• Requirement:
Once "5TBDV58187S474632 - 2007" turns up in a line below, reproduce that line and those after it exactly, stopping after the line with "2021 JEEP COMPASS (VIN: 3C4NJDBB9MT552095)"; leave pictures out.

• Given data:
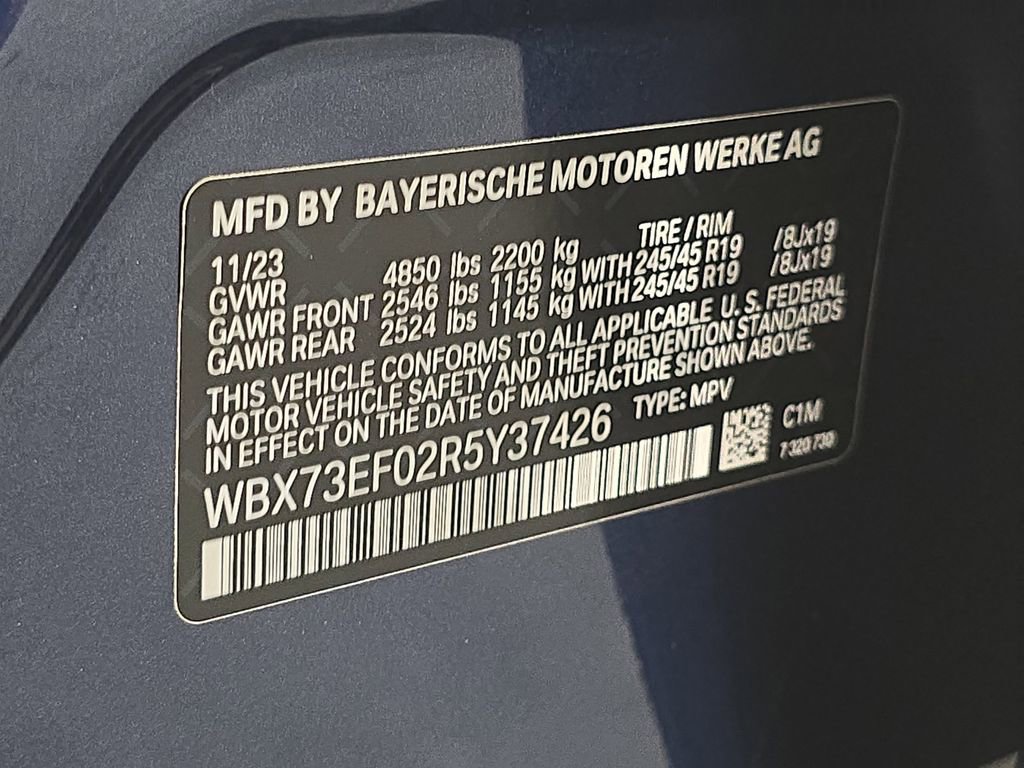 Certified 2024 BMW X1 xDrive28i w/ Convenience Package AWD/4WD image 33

* * *

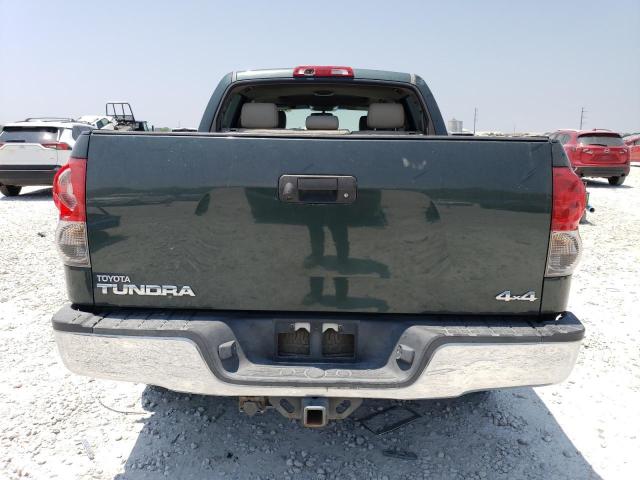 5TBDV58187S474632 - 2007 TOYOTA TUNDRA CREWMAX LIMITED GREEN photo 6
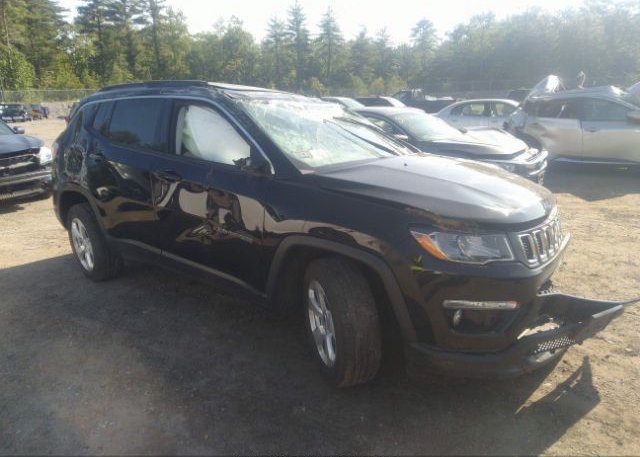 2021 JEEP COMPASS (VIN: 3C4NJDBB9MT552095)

• Answer:
 5TBDV58187S474632 - 2007 TOYOTA TUNDRA CREWMAX LIMITED GREEN photo 6
 2021 JEEP COMPASS (VIN: 3C4NJDBB9MT552095)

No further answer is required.